De Porceleyne Fles’ quotation is also found in the archive:

  • Re: Low relief TNO Waalsdorpvlakte
    Our Quotation No BK 10.637
    We hereby send you our adjusted offer for the construction of a 12 m² low relief, to be divided into two reliefs.
    Design: Th. A. H. M. Dobbelman
    Area: 12 m²
    Tile thickness: 3 cm
    The whole will be cut into small tiles, the dimensions of which will be discussed with you in more detail.
    Price: Dfl. 450,–/ m² at atelier Delft, Dfl. 5,400,– excluding taxes.
    Delivery: Friday, March 1, 1968, at Wassenaar


The thread sculpture

In 1968, the TNO staff decided to offer the management a piece of art on the occasion of the move to the new building.
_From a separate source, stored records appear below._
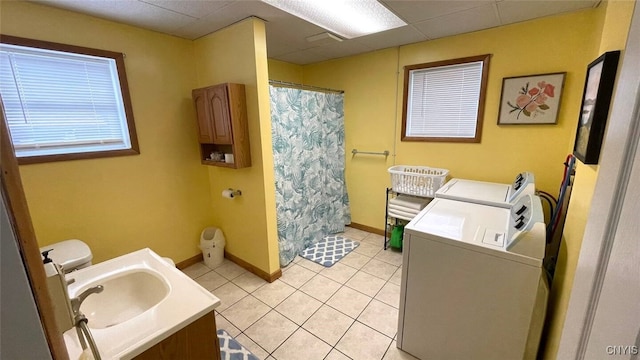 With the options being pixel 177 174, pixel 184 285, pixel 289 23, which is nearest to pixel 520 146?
pixel 289 23

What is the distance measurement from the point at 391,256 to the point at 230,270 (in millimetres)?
1763

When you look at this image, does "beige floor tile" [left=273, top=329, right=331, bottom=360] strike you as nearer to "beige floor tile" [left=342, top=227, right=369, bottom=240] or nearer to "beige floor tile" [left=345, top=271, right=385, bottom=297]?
"beige floor tile" [left=345, top=271, right=385, bottom=297]

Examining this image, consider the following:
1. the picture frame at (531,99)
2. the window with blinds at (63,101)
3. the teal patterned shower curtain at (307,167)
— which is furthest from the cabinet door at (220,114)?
the picture frame at (531,99)

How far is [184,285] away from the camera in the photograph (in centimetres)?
116

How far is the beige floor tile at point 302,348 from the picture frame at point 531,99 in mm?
2448

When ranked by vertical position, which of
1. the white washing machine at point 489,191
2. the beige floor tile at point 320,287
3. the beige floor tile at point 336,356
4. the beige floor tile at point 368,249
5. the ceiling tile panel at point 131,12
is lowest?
the beige floor tile at point 336,356

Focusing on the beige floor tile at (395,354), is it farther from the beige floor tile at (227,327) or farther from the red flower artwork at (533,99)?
the red flower artwork at (533,99)

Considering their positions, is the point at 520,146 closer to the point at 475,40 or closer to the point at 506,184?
the point at 506,184

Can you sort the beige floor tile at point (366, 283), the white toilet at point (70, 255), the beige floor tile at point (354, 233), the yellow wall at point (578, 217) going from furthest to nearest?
1. the beige floor tile at point (354, 233)
2. the beige floor tile at point (366, 283)
3. the white toilet at point (70, 255)
4. the yellow wall at point (578, 217)

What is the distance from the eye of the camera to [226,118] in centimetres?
214

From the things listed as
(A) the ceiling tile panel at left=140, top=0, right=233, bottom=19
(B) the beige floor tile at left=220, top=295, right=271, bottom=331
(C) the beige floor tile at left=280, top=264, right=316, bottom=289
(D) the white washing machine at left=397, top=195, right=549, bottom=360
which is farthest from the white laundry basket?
(A) the ceiling tile panel at left=140, top=0, right=233, bottom=19

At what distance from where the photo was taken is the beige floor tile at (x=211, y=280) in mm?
2424

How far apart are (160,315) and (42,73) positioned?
6.49 feet

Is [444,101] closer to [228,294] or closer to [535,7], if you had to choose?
[535,7]
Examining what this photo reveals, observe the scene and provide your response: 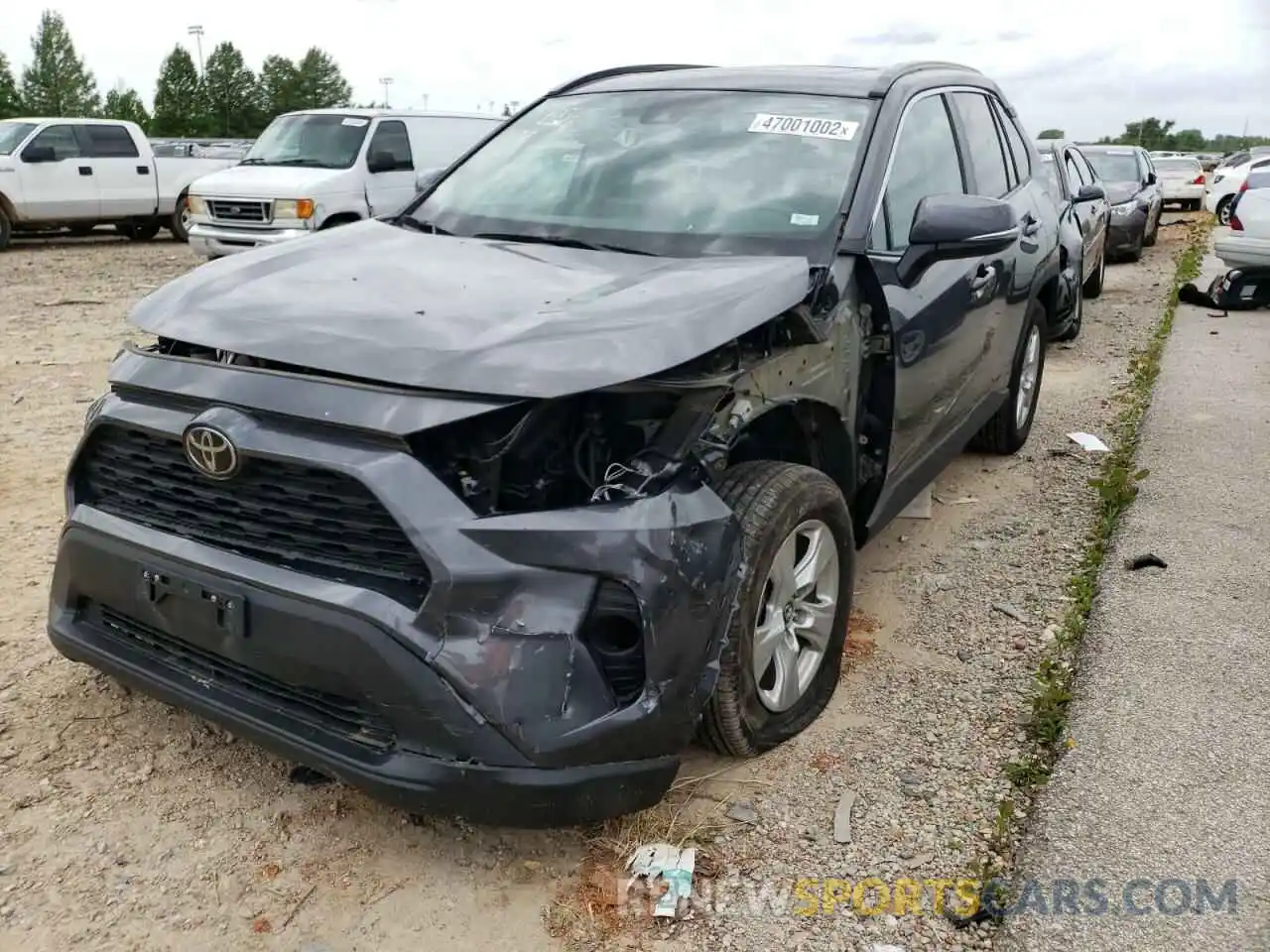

G. Mooij designed a thread sculpture that should be placed on the wall in the entrance hall with spacers and a back panel. Because of the distance and shadow effect, the sculpture would have a depth effect. Disappointment was everywhere when the intended location turned out to be occupied by the tile artwork described above. The thread sculpture represents the combination of the elements of threats and countermeasures. Airborne threats and detection are indicated by the bird and the hand-up (radar) points to the direction from where the airborne danger stems. At the bottom left industry, chemistry and infrared. Centre top radio communications and telecommunications. Underwater threats and danger detection are indicated by the ship, the crab and the hand pointed down.
This sculpture then wandered through ‘the building’ for the years to come.


Thread sculpture, design G. Mooij (1968), lost in a corridor of the building
Thread sculpture, designed by G. Mooij (1968), could be found in a dark corridor of the building until the Museum got hold of it.


Description by the designer Mooij (in Dutch)
Description by the designer Mooij (in Dutch)

The current status

At the end of 2013, it was decided to place the tile artwork behind a false wall to preserve it for the future. After the renovation of the building, this false wall formed a very white surface in the renovated hall. In early 2019, the museum crew boldly affixed the thread sculpture which was presented to the TNO management in 1968 on that wall. After more than 50 years, the thread sculpture finally hangs in its originally intended place.


Our former curator Aad van der Voort resolved the quest about the background of the tile artwork.